## EXERCISE DETAILS
If pictures appear among the lines below, leave them out while you return exactly the lines from the one with "casa indipendente in vendita a Mistretta" through the one with "2007 Kia Spectra".

## THE DATA
"""

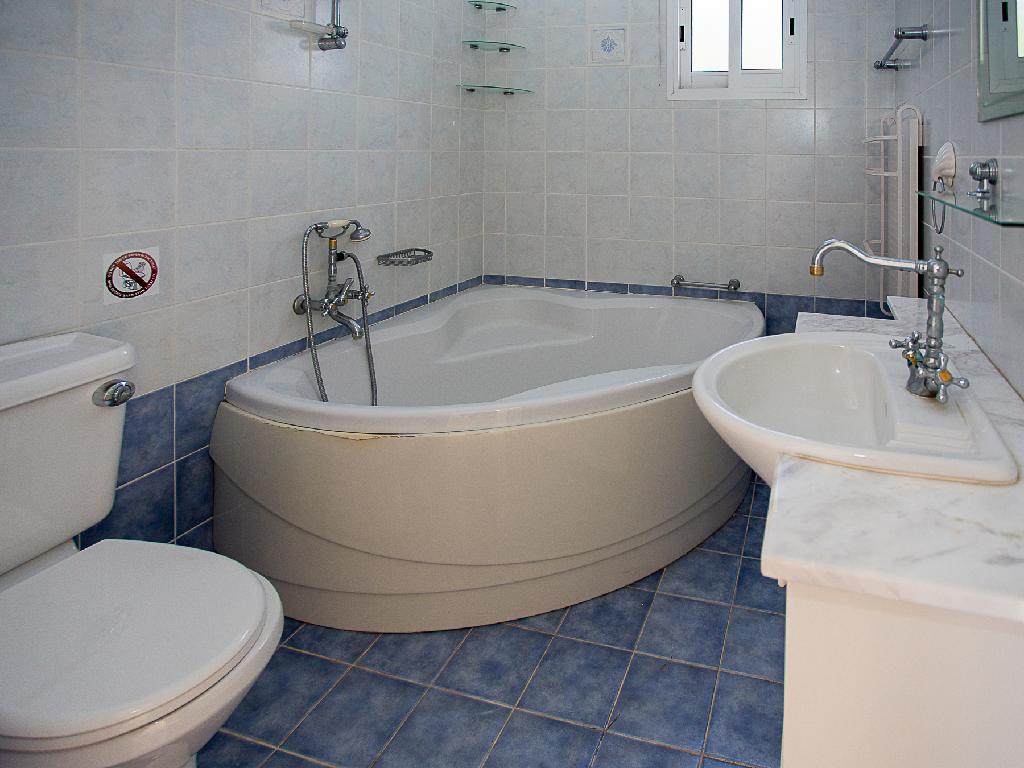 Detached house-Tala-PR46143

"""
"""

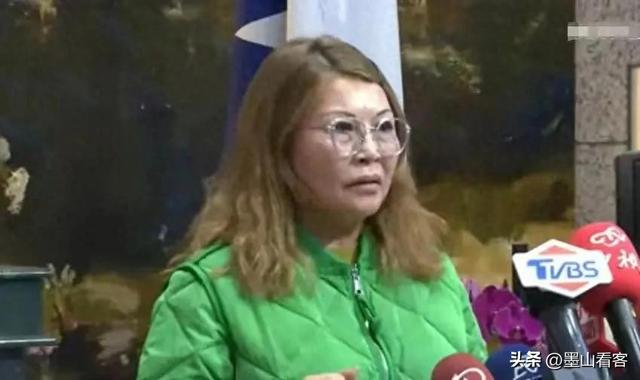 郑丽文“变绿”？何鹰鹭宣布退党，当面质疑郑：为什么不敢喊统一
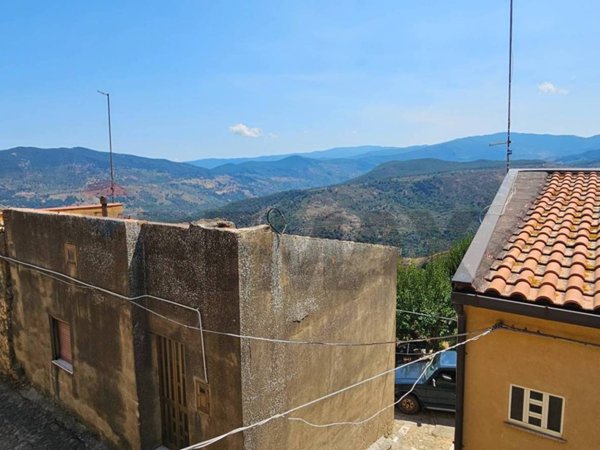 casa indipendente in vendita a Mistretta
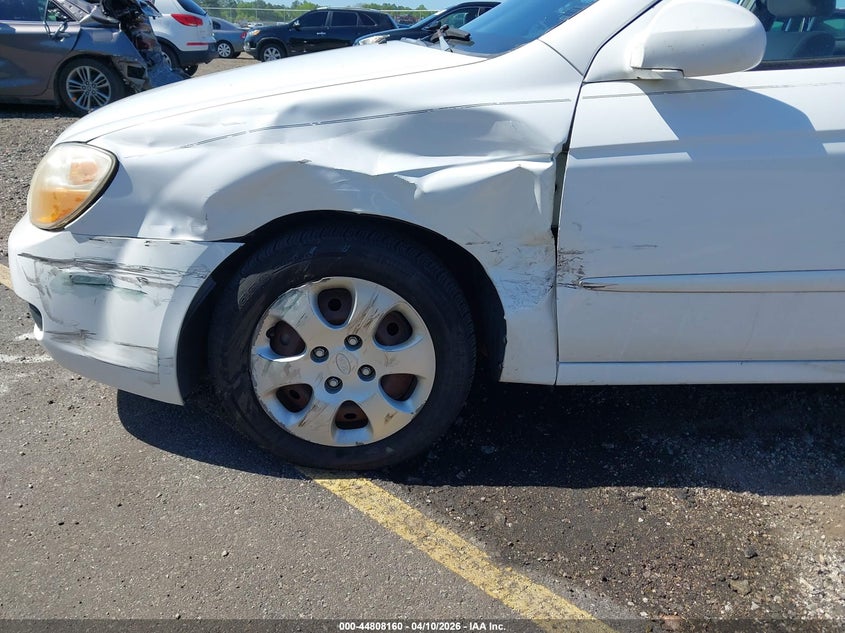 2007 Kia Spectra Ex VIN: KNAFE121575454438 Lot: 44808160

"""

## WRITTEN REPLY
 casa indipendente in vendita a Mistretta
 2007 Kia Spectra Ex VIN: KNAFE121575454438 Lot: 44808160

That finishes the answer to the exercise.